2015 GSA Annual Meeting in Baltimore, Maryland, USA (1-4 November 2015)

Paper No. 42-2
Presentation Time: 9:00 AM-5:30 PM


ZHOU, Heather J.1, WANG, Daniel1, WANG, Steve C.1, WANG, Chengying1, GAI, Linda1, MOORE, John L.2, PORTER, Susannah M.3 and MALOOF, Adam C.4, (1)Mathematics and Statistics, Swarthmore College, 500 College Ave, Swarthmore, PA 19081, (2)Earth Research Institute, University of California, Santa Barbara, Santa Barbara, CA 93106, (3)Department of Earth Science, University of California, Santa Barbara, Santa Barbara, CA 93106, (4)Department of Geosciences, Princeton University, Princeton, NJ 08544, jzhou2@swarthmore.edu

The Signor-Lipps effect has typically been discussed in the context of mass extinctions, but it can also arise in their mirror-image equivalent, "mass origination" events. The most famous such example is the Cambrian explosion, a pivotal event in the history of life. Although the broad outline of the Cambrian explosion is now well understood, details such as its duration and pattern of origination events are not well constrained. Maloof et al. (2010) found that a dataset of small shelly fossils through the earliest Cambrian showed three pulses of diversification over approximately 16 million years, but they were unsure whether these features were real or artifacts due to the incompleteness of the fossil record. Here we use novel methods to estimate the duration and number of pulses in the Cambrian explosion while accounting for Signor-Lipps–type effects.
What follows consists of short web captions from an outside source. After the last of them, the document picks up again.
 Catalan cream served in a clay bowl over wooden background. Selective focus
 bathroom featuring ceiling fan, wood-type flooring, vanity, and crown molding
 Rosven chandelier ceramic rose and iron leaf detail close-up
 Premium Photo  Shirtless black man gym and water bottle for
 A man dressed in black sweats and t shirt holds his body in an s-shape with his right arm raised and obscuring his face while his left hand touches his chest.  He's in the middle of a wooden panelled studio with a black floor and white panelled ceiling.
We used a revised a dataset of fossil occurrences of 166 genera of small shelly fossils from Mongolia, Siberia, and China, dating from the earliest part of the Cambrian (Nemakit-Daldynian and Tommotian, or Terreneuvian). To estimate the duration of the origination event, we calculate a confidence interval for the time span between the true first and last originations, both of which are likely to be underestimated in the fossil record. The confidence interval is constructed by inverting a hypothesis test for whether a given duration is consistent with the observed fossil occurrences. To estimate the number of pulses, we take a classification-based approach using a k-Nearest Neighbor (kNN) classifier. This classifier takes as its input a vector of AIC and BIC weights, which are based on the likelihood of each possible number of pulses given the observed fossil occurrences. Both of these methods are based on methods originally developed for mass extinctions, but modified so that uniform recovery potential is not assumed.